What Actions Should Be Taken Now?

Compliance with 409A will require both time and careful planning. Employers should:

  1. Become familiar with the requirements of 409A, since the guidance provides that all nonqualified deferred compensation arrangements must be operated in good-faith compliance with these rules effective January 1, 2005.
  2. Consider adoption of plan amendments (i) terminating existing arrangements and distributing all deferred amounts in taxable year 2005; (ii) permitting participants to terminate participation in existing nonqualified deferred compensation arrangements; or (iii) permitting participants to change distribution elections under existing arrangements. Any such amendments and/or elections permitted by the transitional guidance need to be made by December 31, 2005.

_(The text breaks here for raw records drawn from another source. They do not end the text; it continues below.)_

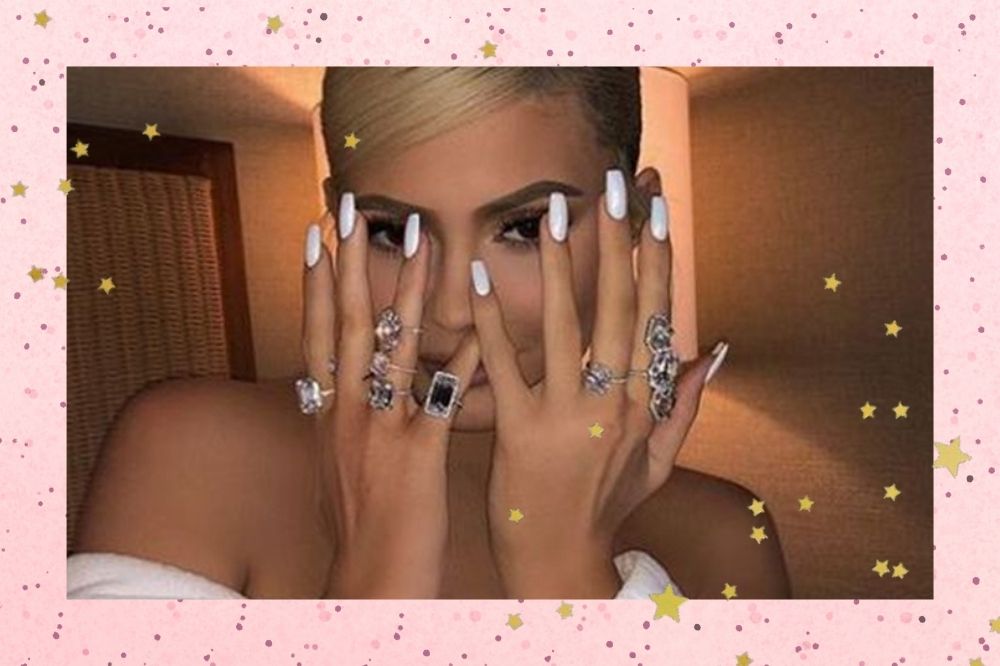 Montagem com o fundo rosa com bolinhas pretas e detalhe de estrelinhas douradas com a foto da Kylie Jenner. Na foto ela está com o cabelo preso e as mãos com a unha pintada de branco na frente do rosto, todos os dedos estão com anéis pratas. Ela olha para a foto e não sorri.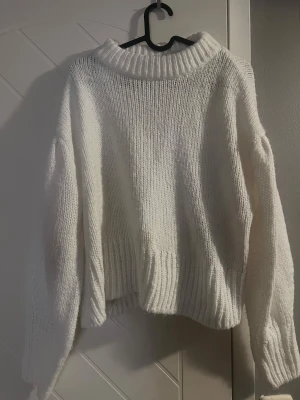 Vit stickad polotröja - Mysig vit stickad polotröja med bred ribbad krage och långa ärmar. Tröjan har en loose passform och ribbade detaljer vid nederkant och ärmslut. 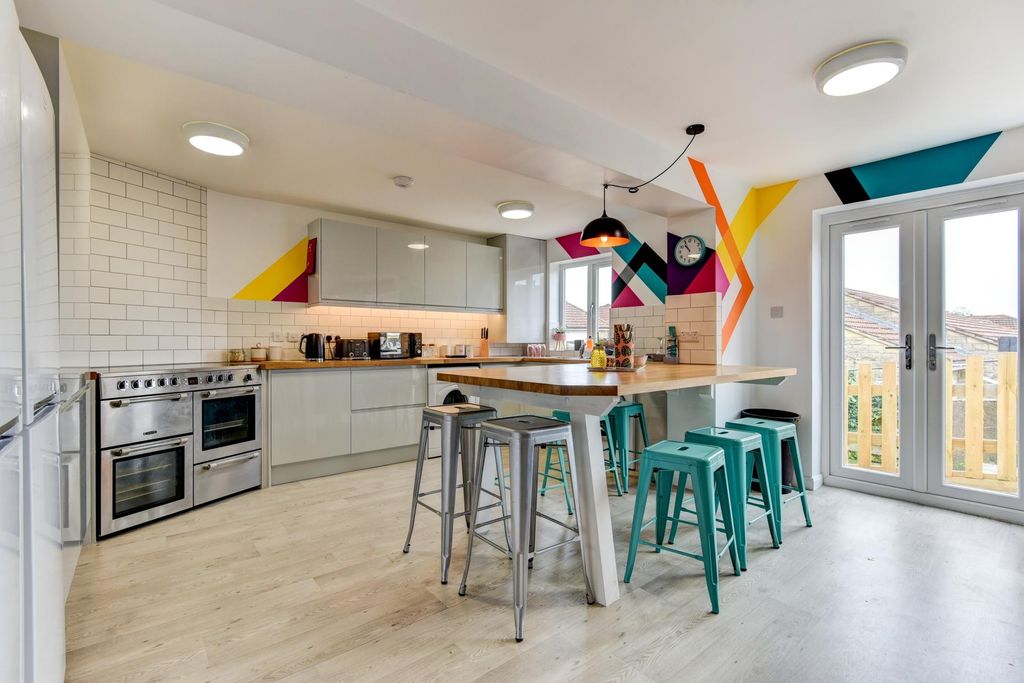 Property photo 3 of 5 This Stylish Kitchen Features Modern Appliances, A...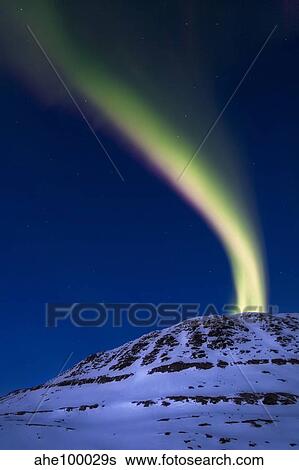 An aurora borealis shooting up from Toviktinden Mountain, Norway. View Large Photo Image Stock Photograph - An aurora borealis shooting up from Toviktinden Mountain, Norway.. Fotosearch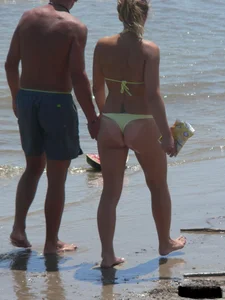 Sexy blonde on the beach in a yellow thong bikini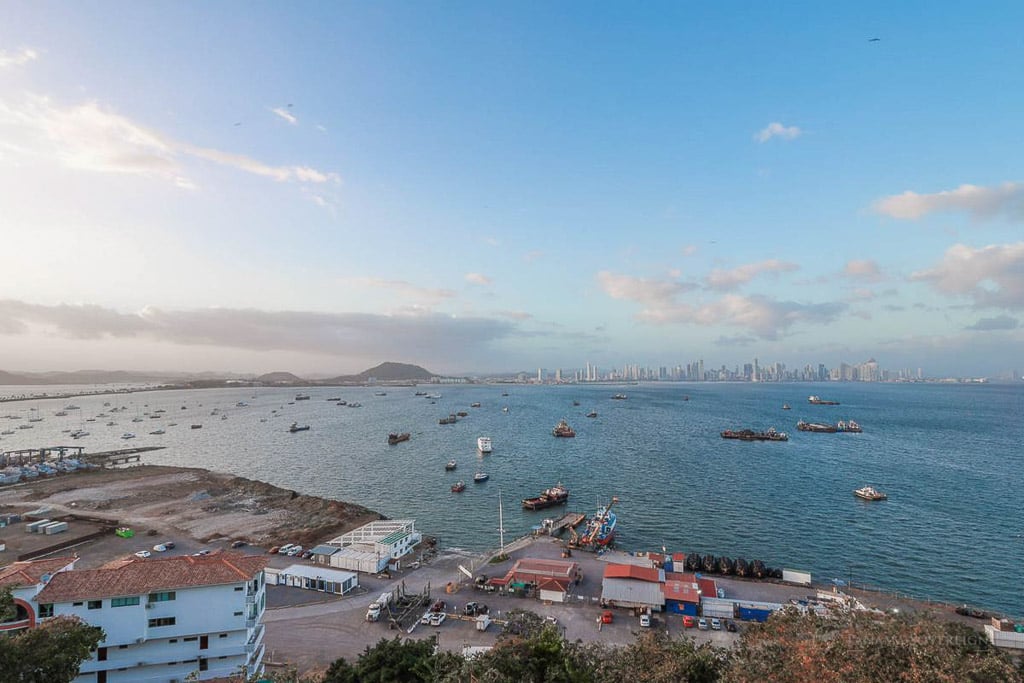 A wide view of the coastline, with ships in the water, a distant city skyline, and a clear blue sky. In the foreground, red-roofed buildings and industrial structures are visible near the water.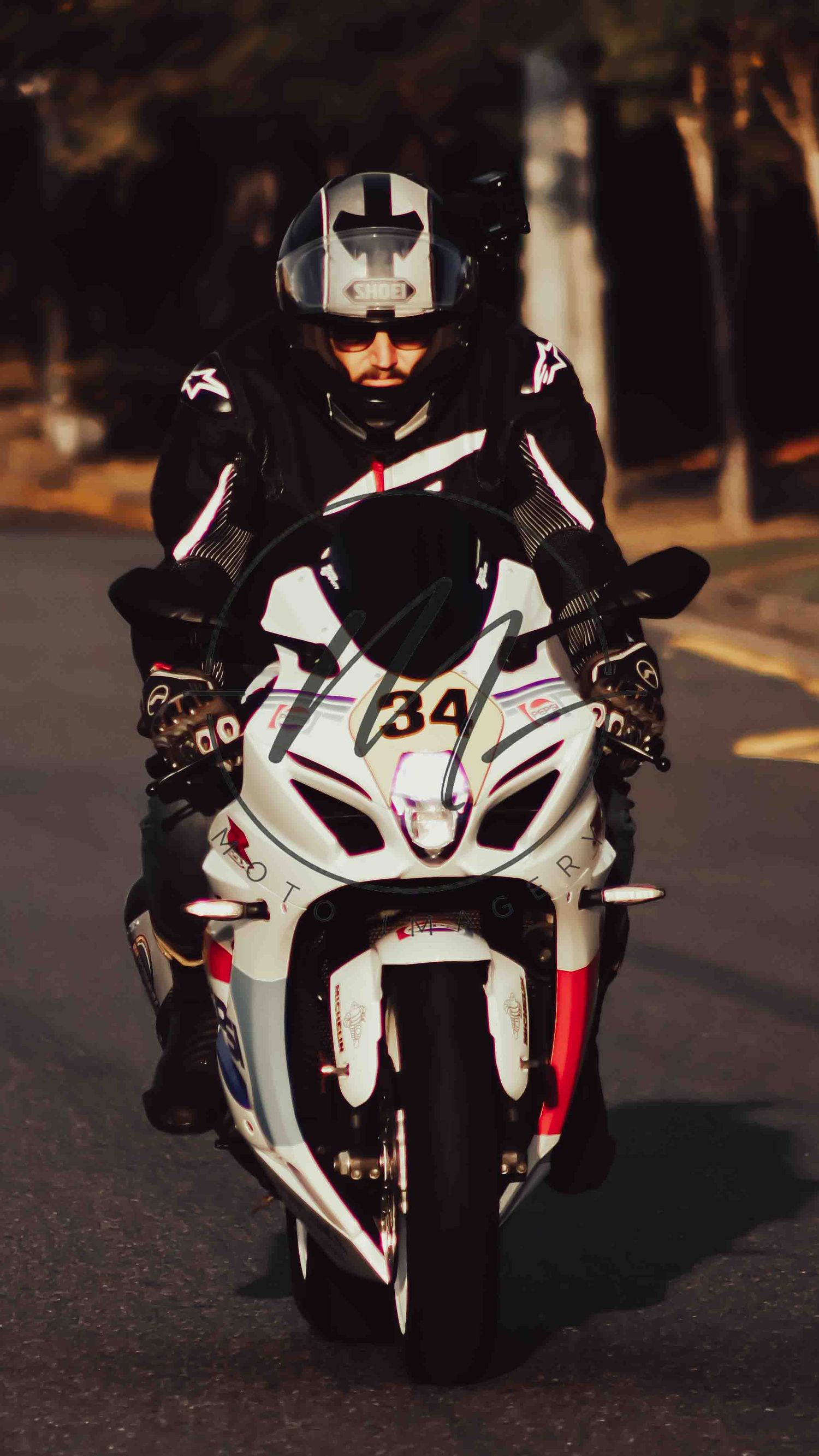 Motorcycle racer in black leather suit and helmet riding white sport bike number 34 on a road.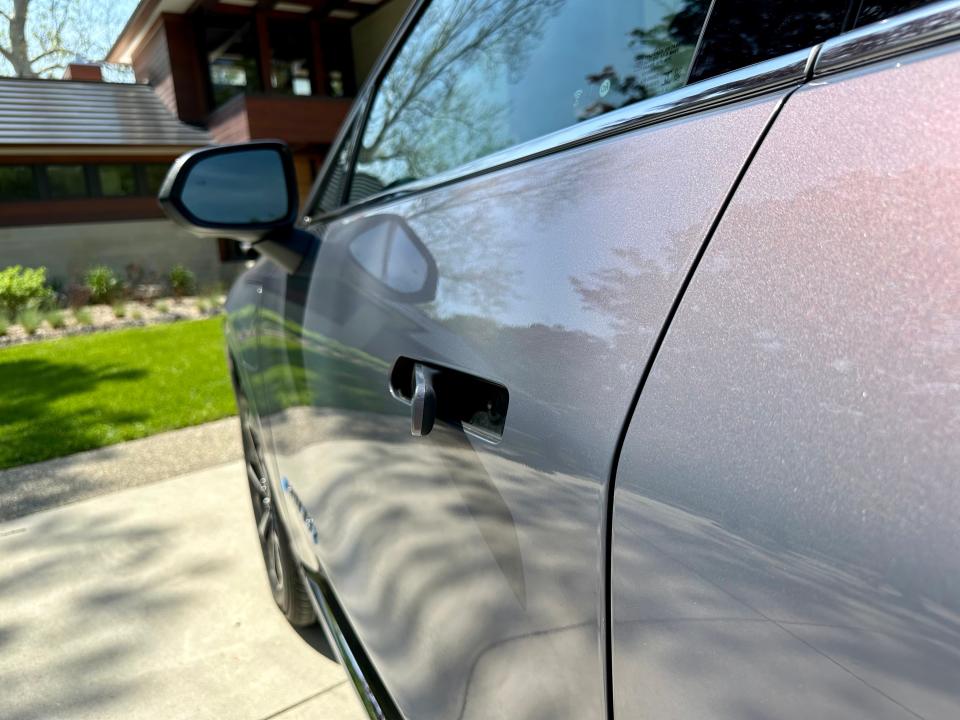 A close-up of the mechanical door handle on the Equinox EV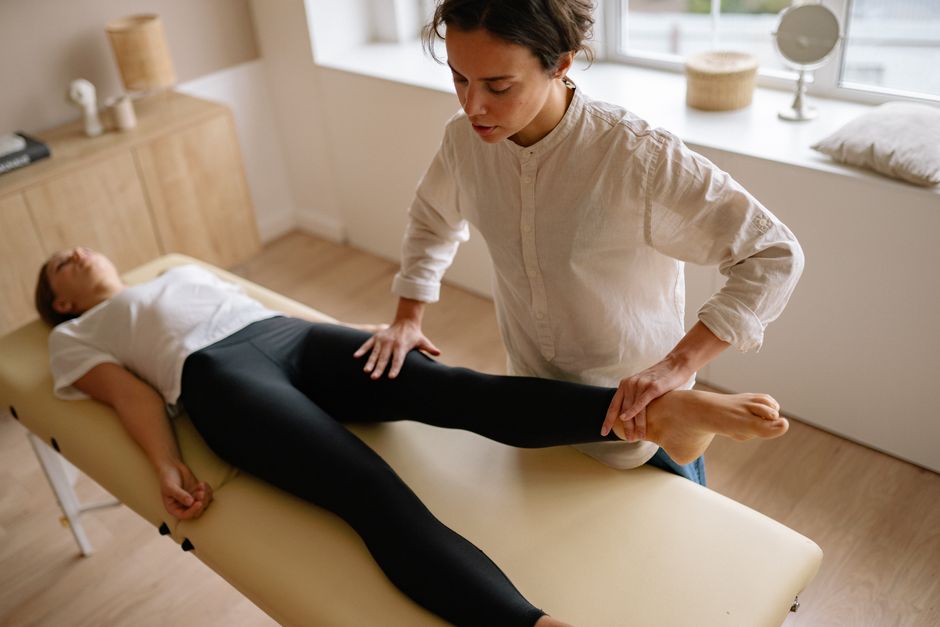 Physiotherapist assists a woman with leg rehabilitation therapy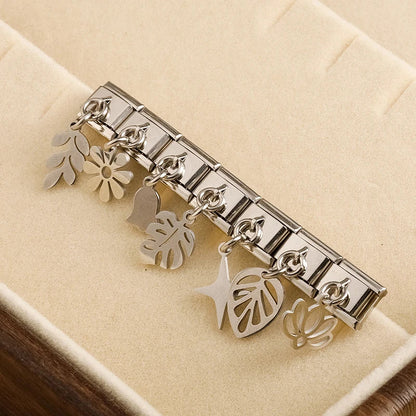 The Flower, Cross, Leaf & Bell Dangle Charm in Silver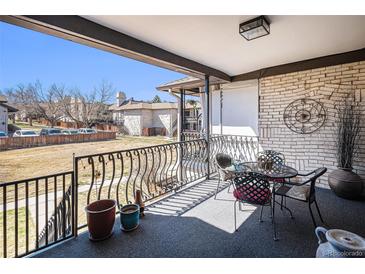 Covered patio with metal railing, room for entertaining and views of the surrounding neighborhood at 7250 Eastmoor Dr # 203, Denver, CO 80237
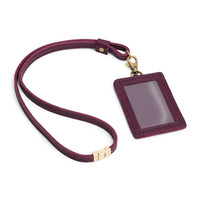 Plum | A leather lanyard attached to a matching card holder on a white background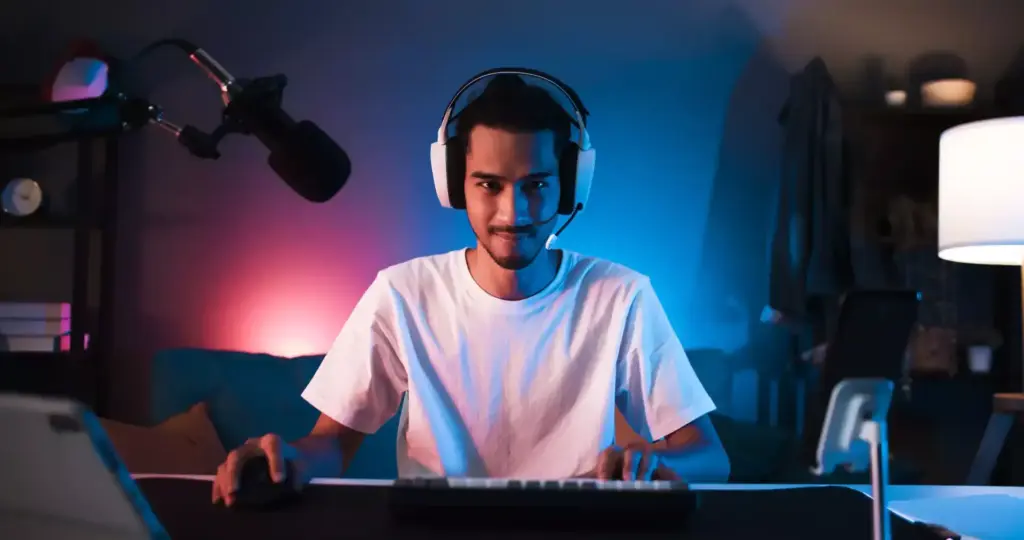 Jovem com headset em frente ao computador, em um quarto com luz neon azul e rosa, ilustrando o curso de games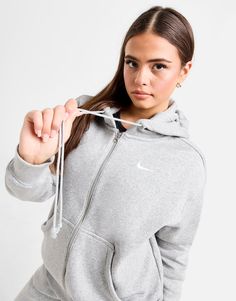 Elevate your off-duty vibes with this women's Phoenix Fleece Oversized Full Zip Hoodie from Nike. Landing in a Dark Grey Heather colourway, this roomy hoodie is built using a cotton poly blended fleece fabric that's super-soft and fuzzy for all-day comfort. It features full zip fastening with a 4-panel adjustable hood for custom coverage ribbed trims for an extra snug feel. With a split kangaroo pocket to keep your essentials stored, it's signed off with the Swoosh to the chest. Machine washable. | Our model is 5'6" and wears a size small. Nike Phoenix Fleece, Sport Nike, Trainers Fashion, Nike Brand, Grey Nikes, Women Essentials, Workout Hoodie, Jd Sports, Sleek Look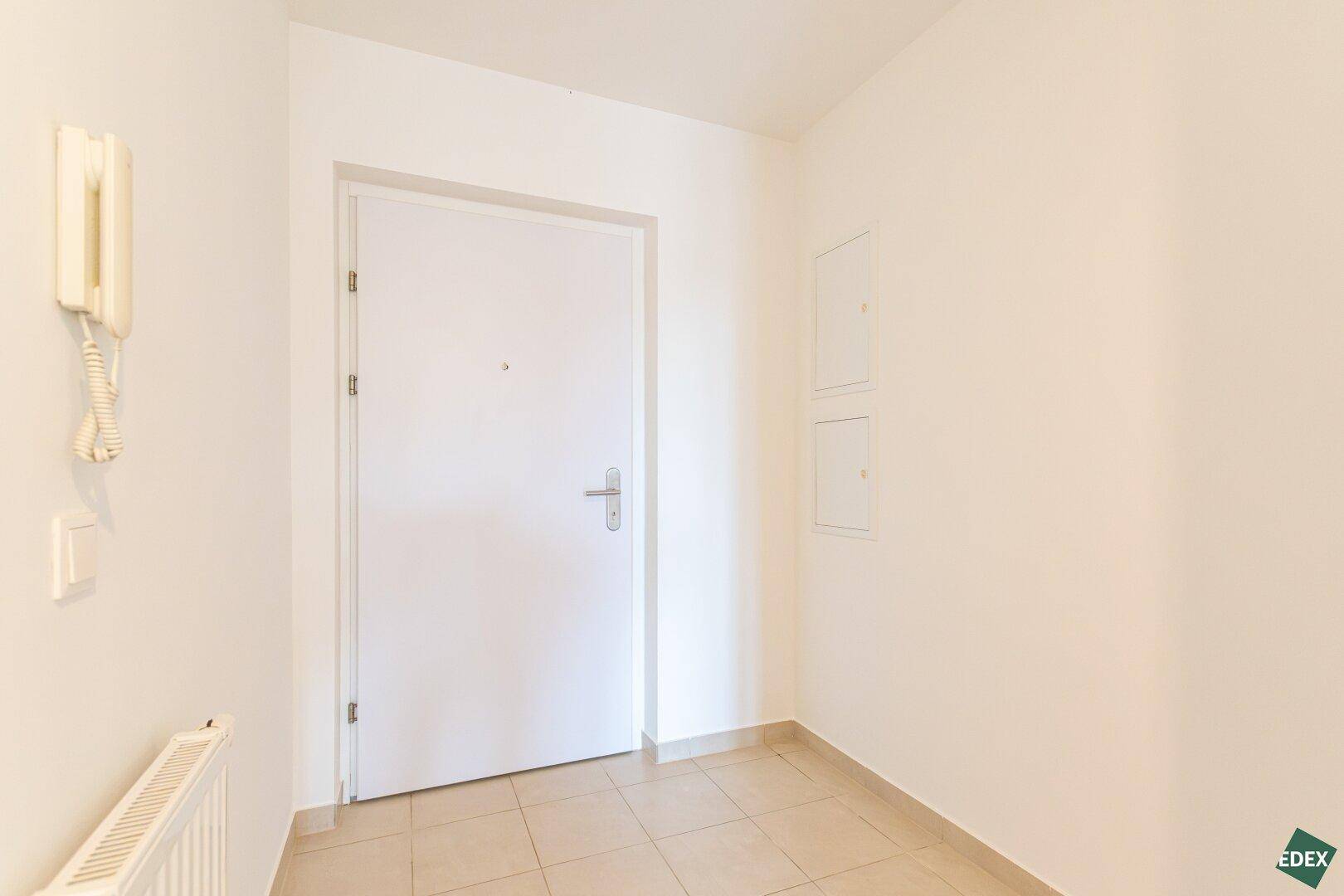 Eingangsbereich mit Fliesenboden, Gegensprechanlage und Heizkörper, der zur Wohnungstür führt.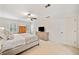 Bedroom boasts neutral colors, a ceiling fan, carpet, and a TV, and two windows for ample natural light at 2502 Tritt Springs Ne Trce, Marietta, GA 30062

  3. Make Elective Deferrals for 2005. As soon as possible, inform participants of the March 15, 2005, deadline for making deferral elections for the 2005 taxable year.
  4. Communicate with plan participants. Inform participants of any pending plan amendments or terminations and advise participants of their right (if the employer chooses to make this right available) to cancel their participation or change existing distribution elections by December 31, 2005.